Linear Statistical Models (SYS 4021/6021)

This course describes Evidence Informed Systems Engineering (EISE). The primary tools for EISE come from linear statistical models and the course demonstrates the use of these models for problem understanding, prediction, and control. Specific topics include multiple regression, principal components, analysis of covariance, logistic regression, time series analysis, bootstrapping, and response surfaces. Course lectures concentrate on the theory and practice of model construction, while projects provide open-ended problem solving situations that illustrate the broad applicability of the methods.

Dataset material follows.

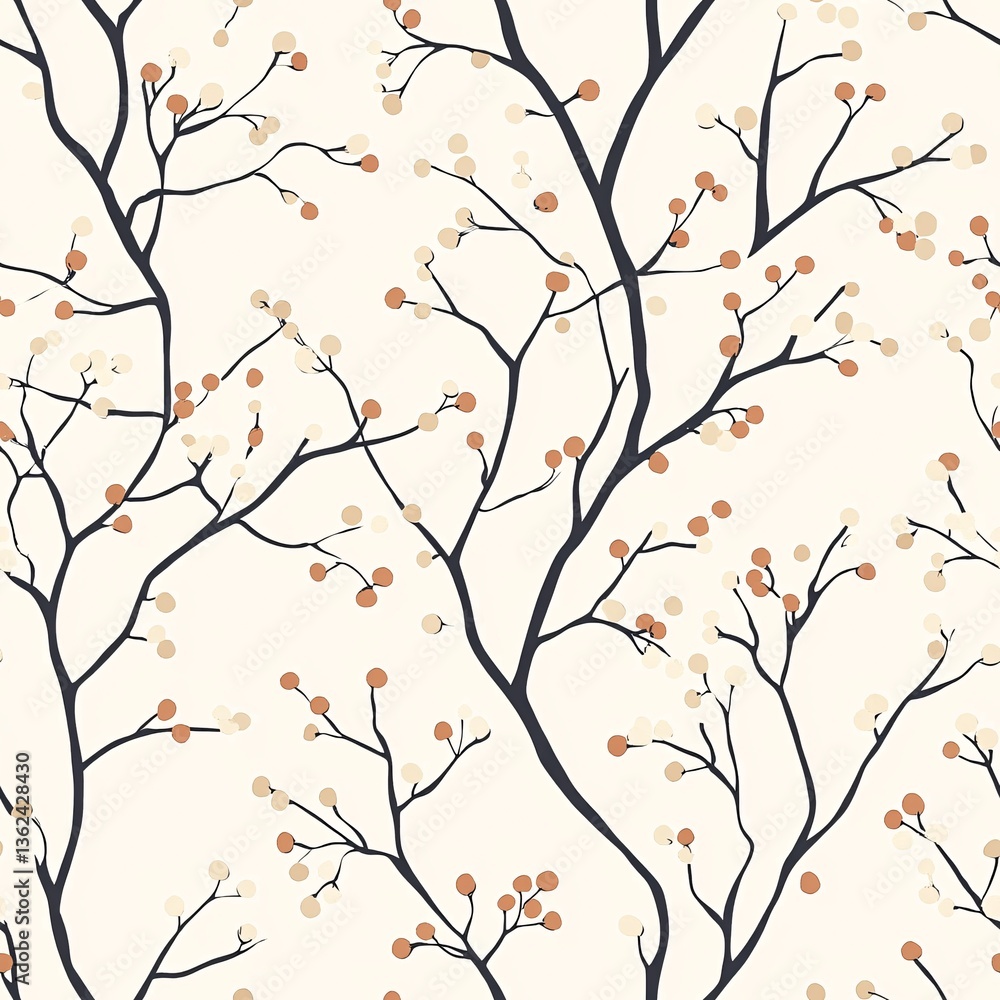 Fototapeta premium Serene Harmony of Soft Curved Branches with Buds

Machine Learning (SYS 6016 / CS 6316)

Machine learning is the study of how to build systems that can learn and adapt from experience. Machine learning is widely used in fields such as advertising, robotics, and medicine. Recent applications of machine learning are seen in self-driving cars, speech recognition, and recommender systems. A major focus in machine learning is the design and development of algorithms that recognize patterns in data and generalize in order to make an intelligent decision. This course provides an introduction to machine learning algorithms and applications. The primary focus of the course is supervised learning techniques with a culmination in unsupervised learning. Selected topics include Bayesian learning, artificial neural networks, evolutionary algorithms, reinforcement learning and instancebased learning. The course is project-oriented, with primary emphasis placed on programming assignments applying and evaluating learning algorithms.

System Design I & II (SYS 4053 & 4054)

A design project extending throughout the fall and spring semesters. Involves the study of an actual open-ended situation, including problem formulation, data collection, analysis and interpretation, model building for the purpose of evaluating design options, model analysis, and generation of solutions. Includes an appropriate computer laboratory experience.